Cross scuba diving with other sports and hobbies

As a divemaster, scuba diving doesn’t have to be your own only sport. If it is, life can get quite monotonous. Do other sports–and it doesn’t have to be ocean sports. In my case, I cycle, play badminton, and sometimes go to the gym. Aside from gaining physical strength, flexibility, and stamina (which significantly reduces your air consumption), you’ll be able to meet non-diver friends who might even be interested in scuba diving!

Participate in community programs

Scuba diving should not be about the money and how much you make in your professional diving career. As divemasters, many of us entered this profession because we have a deep respect for the marine environment, which is nonetheless, our primary playground. Make it a point to participate in community programs like beach clean ups, information drives and reef restoration projects. Here in our locality, scubasurero (from the word scuba and basurero which means garbage collector) is a popular community program where divers (both pro and non-pro) meet and pick up pieces of trash in the reef.

Note: if you participate in community programs, divers will look up to you, not just as a professional diver, but also as a role model.    

Stay updated and continue Learning

Learning doesn’t stop the day you’re handed your certification card. Once you’re working as a divemaster, never stop learning. As a divemaster, you may opt to learn the business side of recruiting new clients and running a dive center. Grow your network, further your skills, and try to get as many specialty courses as possible.

With the pandemic, some of us are forced to stay at home–our longest surface interval ever. Make the most of this time by learning as much as possible about diving. Revisit old photos or videos to see if you can learn more about the reef. You can even participate in an endless list of Zoom webinars that features new diving technology, industry updates, and conferences on what to do when dive tourism opens back for business.

Compete fairly

Scuba diving is a small world, and it’s easy to get sucked into the center of it. To keep a professional reputation, avoid making fun of the weaknesses of other divemasters, or dive shops, or other diving agencies, as gossip can only come back to hurt you. Competition may be fierce especially in popular dive destinations and dive shops are doing all they can to get a chunk of the pie. Always respect each other’s trade and focus only on your own business.

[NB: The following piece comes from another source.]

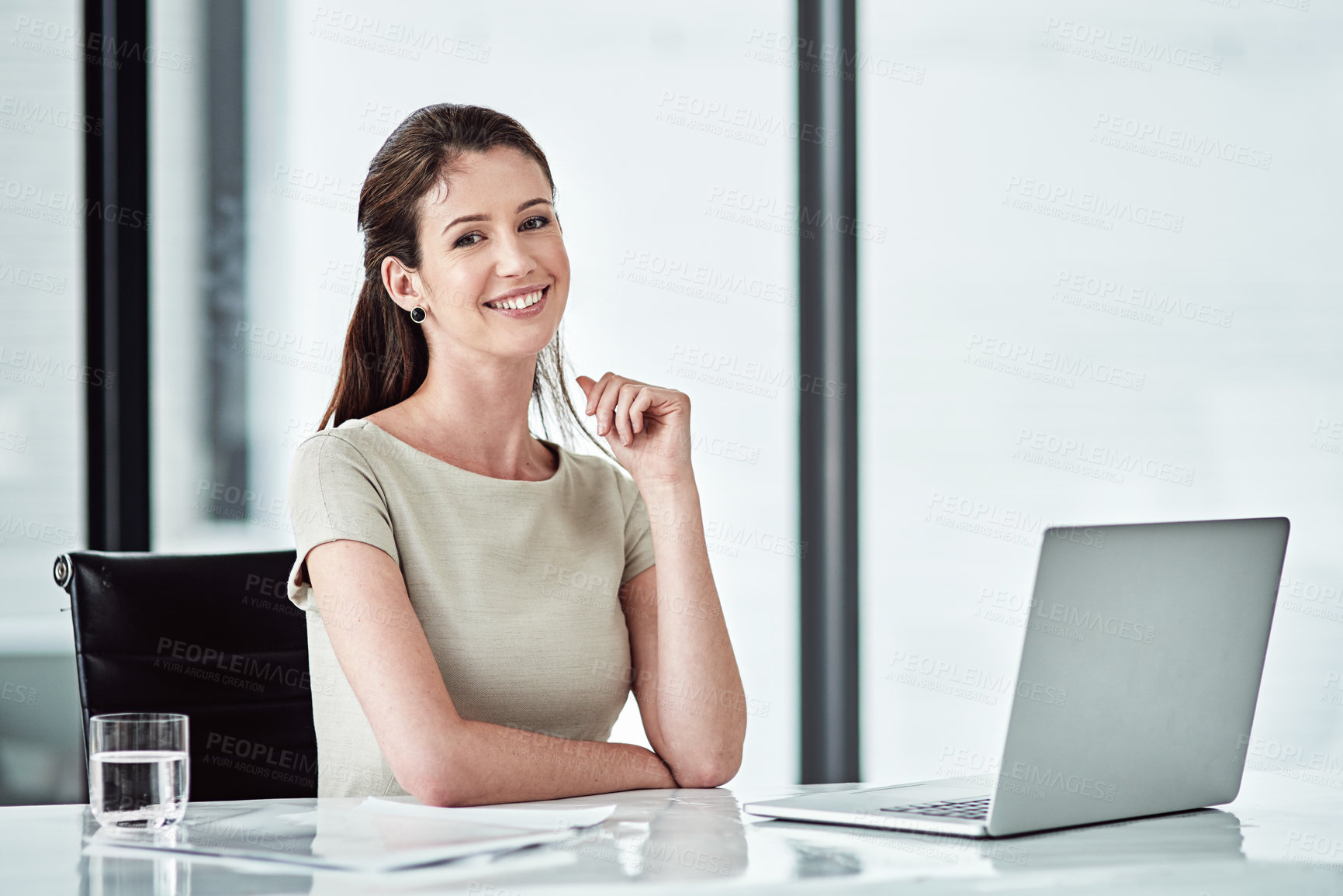 Buy stock photo Portrait, business woman and laptop in office for corporate company, professional or online agency. Workplace, female employee or hr manager as career to develop campaign, planning or network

In my case, competing fairly in the market may initially not give you big projects. But in the long run, if you uphold high standards and maintain that unique brand that you have created, your business and profession will continue to grow.

Prepare for the next level

There are many reasons to become a divemaster. Surprisingly, there are some scuba divers who only want to hold the title and have no desire to dive professionally. However, for many reasons, divemasters often want to take their career to the next level and become a scuba diving instructor.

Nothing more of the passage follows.